发布者:查琪琦律师|时间:2021年03月23日|分类:债权债务 |670人看过

前言

在《女辅警敲诈案判决的两个硬伤和一个疏漏》一文中,我已经阐述,敲诈勒索罪司法解释规定了“被害人过错”特别条款,这是特殊情节,不仅可以当量刑情节使用,必要时还可以当定罪情节使用,从而可以变相实现减轻处罚。不少法官看完后,感叹:真是闻所未闻啊,还有这么一条规定,竟然可以这么操作!

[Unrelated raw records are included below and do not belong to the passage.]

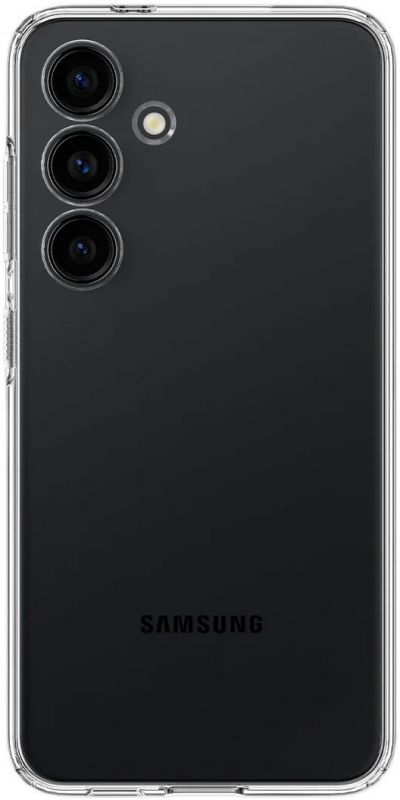 Чохол Spigen для Samsung Galaxy S24, Crystal Flex, Crystal Clear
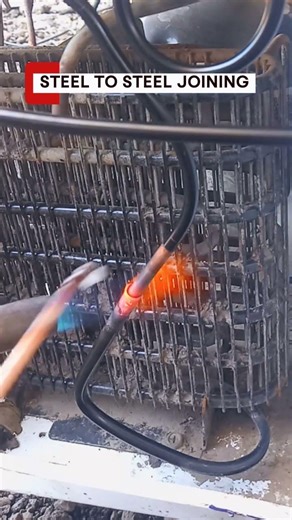Steel to Steel Joining Using Silver Brazing (Strong & Clean Result)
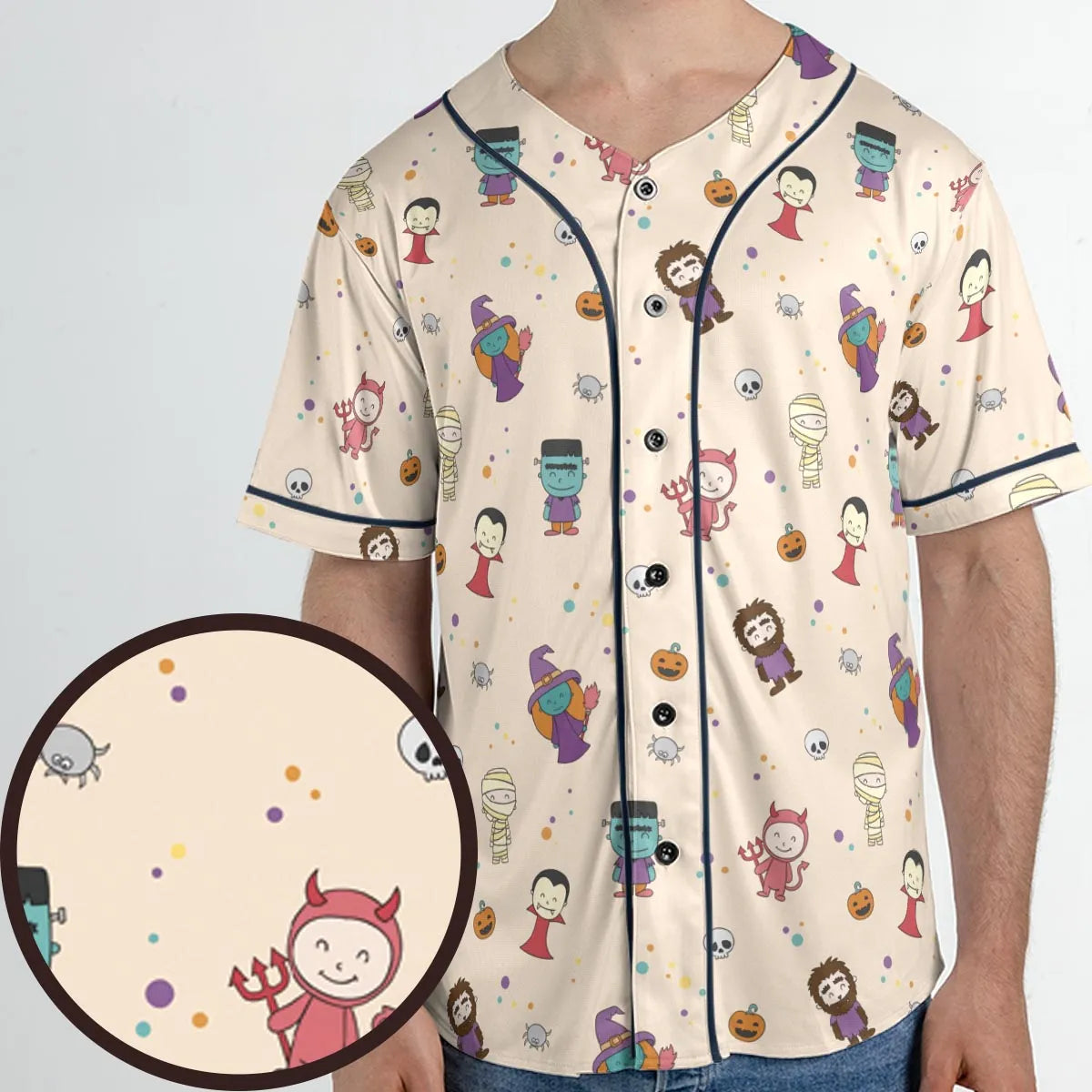 Unisex Baseball Jersey - JQ97F2WF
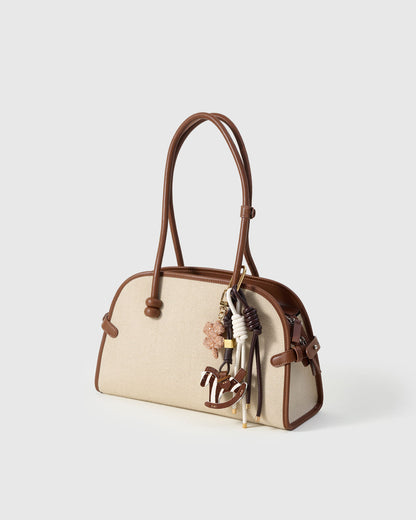 ZEBRA RIDE STACK CHARM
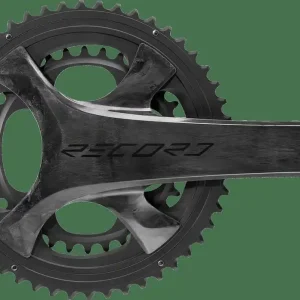 Ausverkauf Campagnolo Kurbelsatz Record WRL 13S 170 mm schwarz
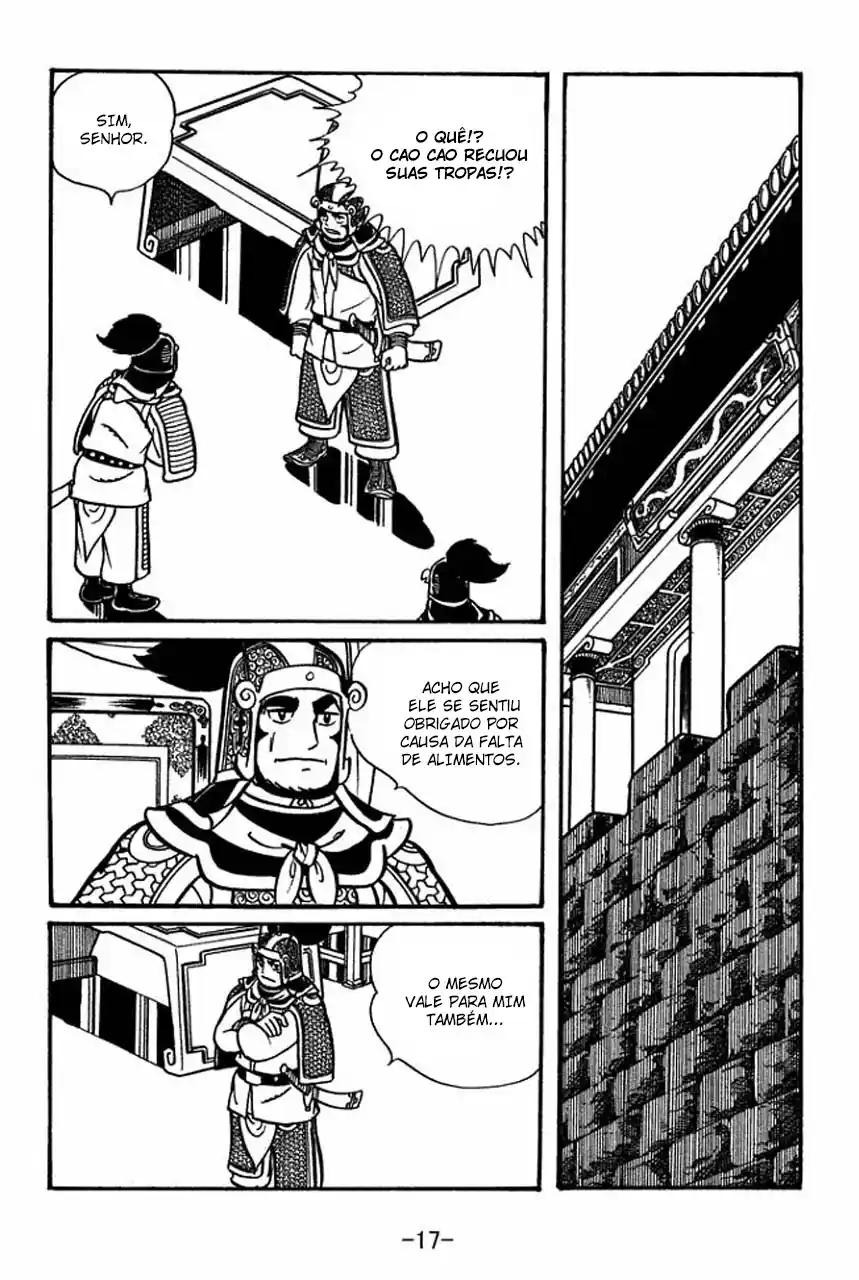 Read Romance of the Three Kingdoms PT Manga Online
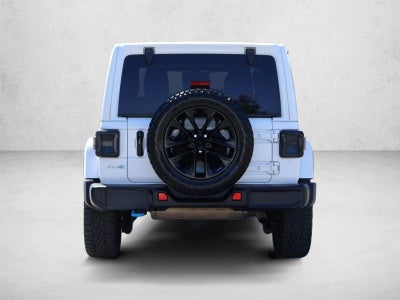 2022 Jeep Wrangler 4xe Unlimited Sahara 4x4
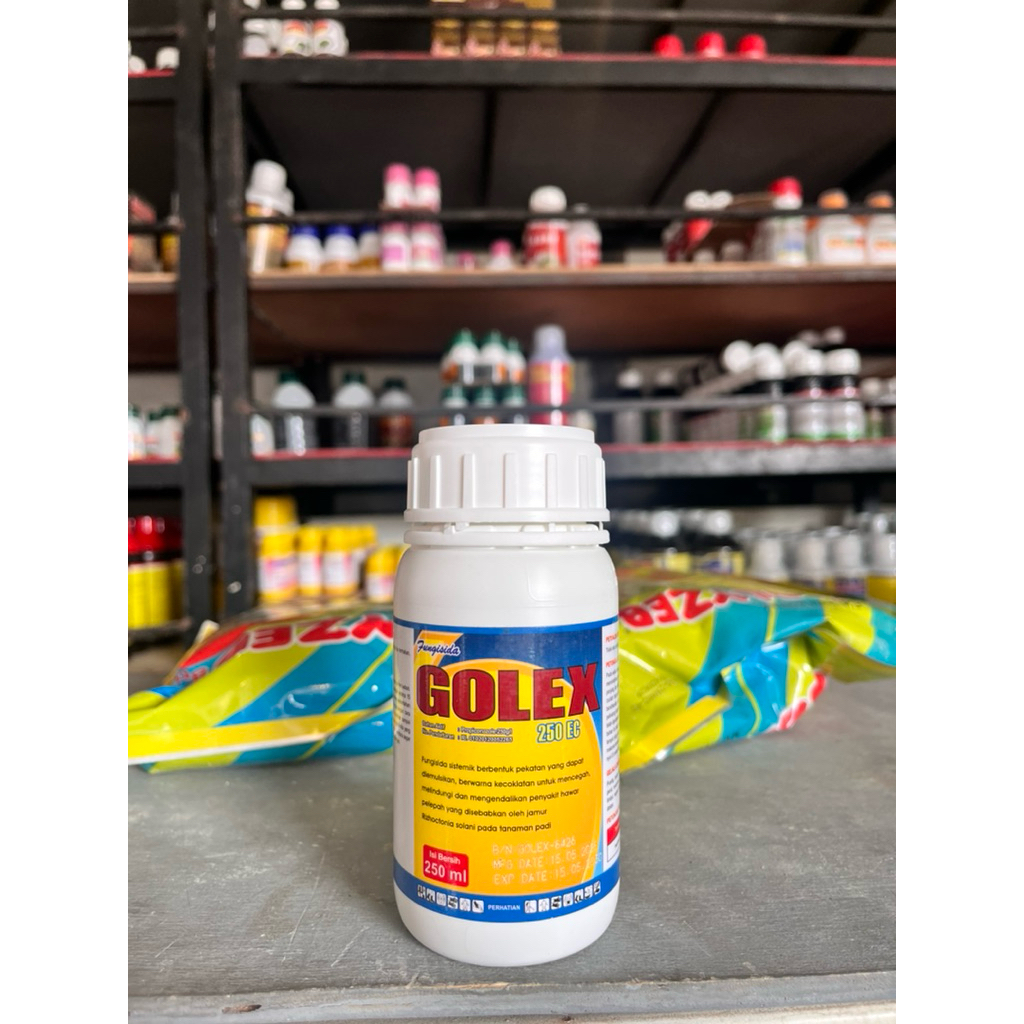 Golex 250 EC 250ml – Fungisida Sistemik Anti Jamur untuk Padi, Cabai, Bawang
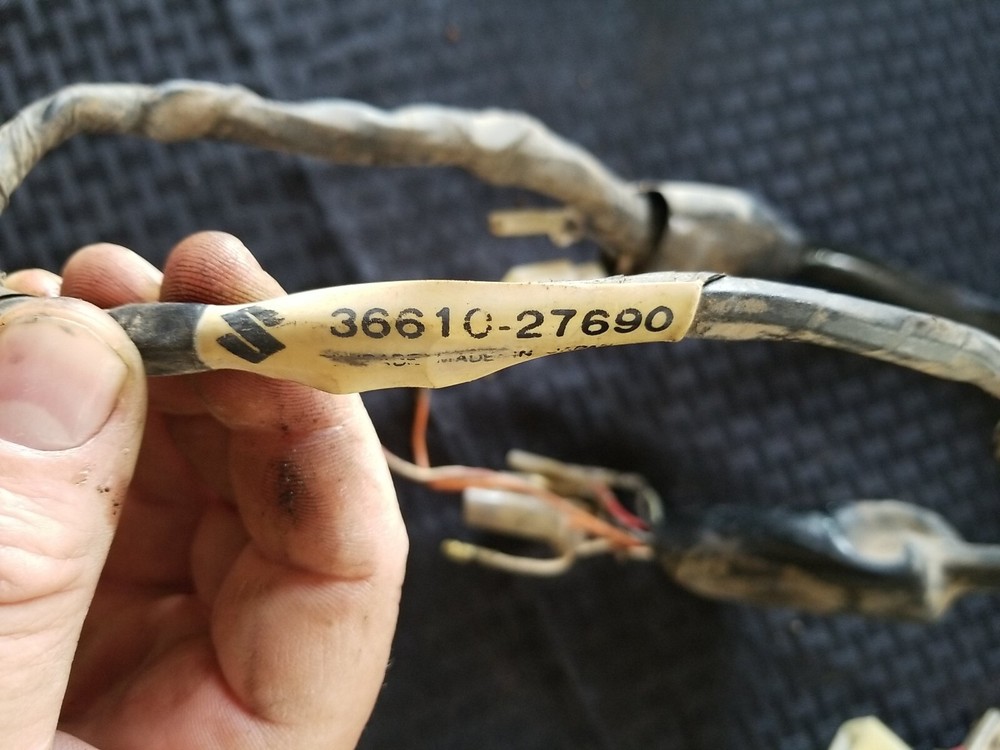 Suzuki Rv90 Main Wire Harness ♻️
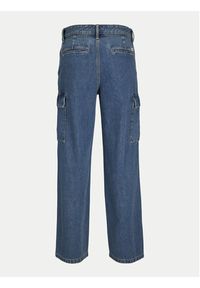 Jack & Jones - Jack&Jones Jeansy Bill 12270261 Niebieski Relaxed Fit. Kolor: niebieski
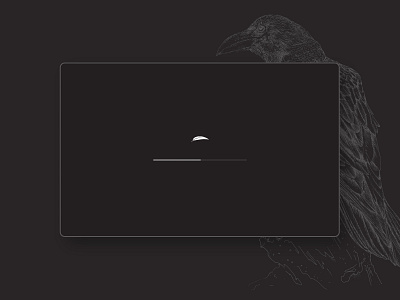 PreLoader dark minimal dark ui design flat flatdesign preloader ui uidesign web webdesign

其实,不仅如此,我当年在起草当事人和解制度的司法解释时,也埋了一颗重磅炸弹,明确规定,对于当事人双方达成和解协议的案件,法官可以直接对被告人减轻处罚。只是因为,司法解释条文太多,大家不太注意,法官也不太敢使用,导致成为了睡眠条款。

但辩护人不同,得全心全意为被告人服务,查询、收集所有对被告人有利的法律司法解释规定和典型案例判例,整理提出合理合法的辩护意见,帮助、督促法官做出公平公正的判决。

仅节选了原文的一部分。